Orbifolds: This has to do with string-theory, which to me suggests either something to do with music, or cheese. Any astrophysicist reading this is pounding his or head on the table now. Which makes two of us, because trying to come up with an explanation for this made my head hurt. But it sounds so very cool. Go ahead, say it(!)
Obliquity: As in ‘Obliquity of the ecliptic, the term used by astronomers for the inclination of Earth’s equator to the ecliptic. Not to be confused with a popular desert of French origin, the eclair. I mean, I’m just saying, the thought flashed through my mind, that is, “L’idée me traverse l’esprit comme un éclair” (The idea crossed my mind like a flash).
Olber’s: As in ‘Olber’s Paradox’, a/k/a ‘the “dark night sky paradox“. This is the argument that the darkness of the night sky conflicts with the assumption of an infinite and eternal static universe. Or, why does all the light energy of the universe go away just because our puny little sun is on the other side of our earth for a few hours? Whoa! Who said pot was legal?
Oosterhoffs: Two populations of globular clusters in space discovered by Pieter Oosterhoff. No, not the evolutionary theory that oysters waded ashore millions of years ago with the aid of their ‘oyster hoofs’.
Orgueils: components of the Orgueil Meteorite, which fell on the French town of that name in 1864, and which is often used to infer the relative proportions of elements in the solar system. Started the debate about life from space because of the organic compounds found on its surface, but this was found to be pollen and grains from earthy contamination.
What to do when ISON arrives?
Stop punching the button on the Translator, above. It’s now too late.

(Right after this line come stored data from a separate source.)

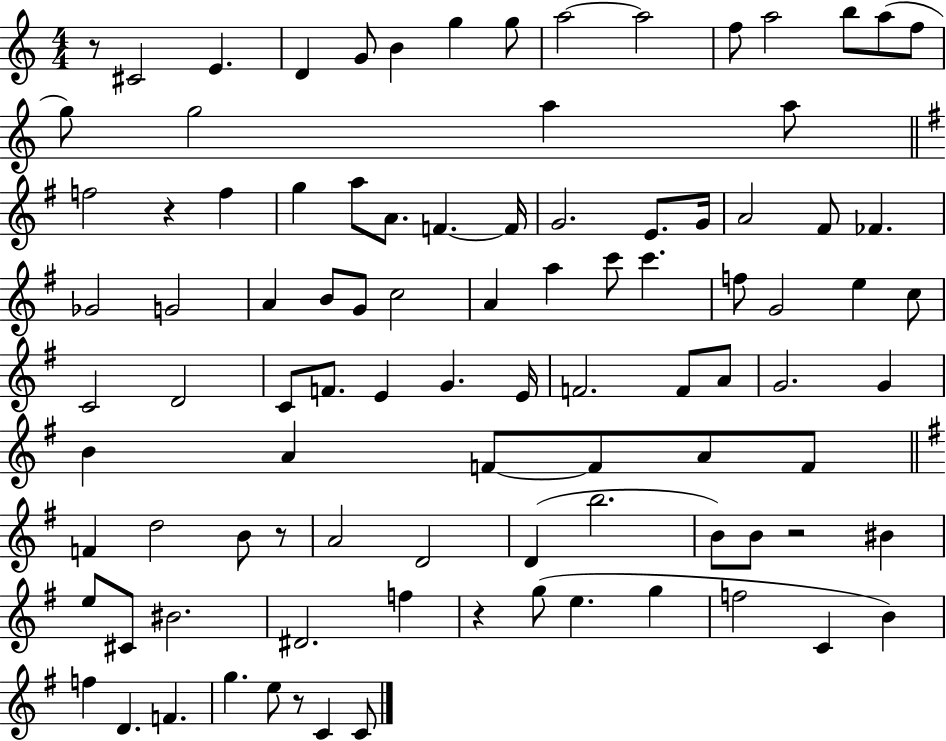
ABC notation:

X:1
T:Untitled
M:4/4
L:1/4
K:C
z/2 ^C2 E D G/2 B g g/2 a2 a2 f/2 a2 b/2 a/2 f/2 g/2 g2 a a/2 f2 z f g a/2 A/2 F F/4 G2 E/2 G/4 A2 ^F/2 _F _G2 G2 A B/2 G/2 c2 A a c'/2 c' f/2 G2 e c/2 C2 D2 C/2 F/2 E G E/4 F2 F/2 A/2 G2 G B A F/2 F/2 A/2 F/2 F d2 B/2 z/2 A2 D2 D b2 B/2 B/2 z2 ^B e/2 ^C/2 ^B2 ^D2 f z g/2 e g f2 C B f D F g e/2 z/2 C C/2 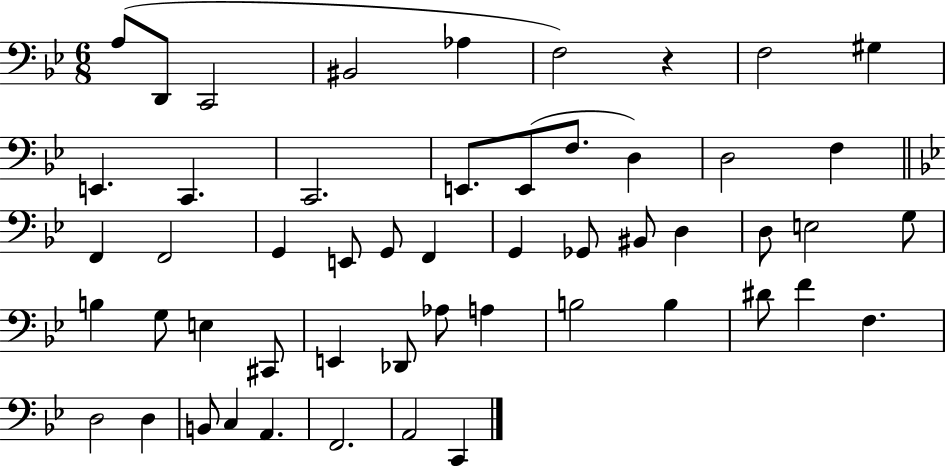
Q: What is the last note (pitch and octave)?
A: C2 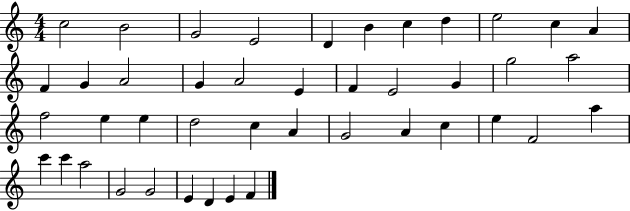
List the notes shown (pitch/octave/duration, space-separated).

Go skinny dipping. True, some heavily populated areas of the planet will have entered the winter months, but you can do this in a tub if you have too, as long as there’s a window nearby where you can get a peek at ISON, and more importantly, to give the cosmic debris a chance to enter your space. But best would be to get some time outside, anywhere you can get a clear look at the night sky. And for the sake of the Ancient Heavens, wear no hat. Because there’s more than just the light show to elevate your being. What can beat getting your skin treated to a sprinkling of dust from this century’s first Rock Star comet? Consider what just a little inter-stellar sprinkling did for the career of one Hollywood star.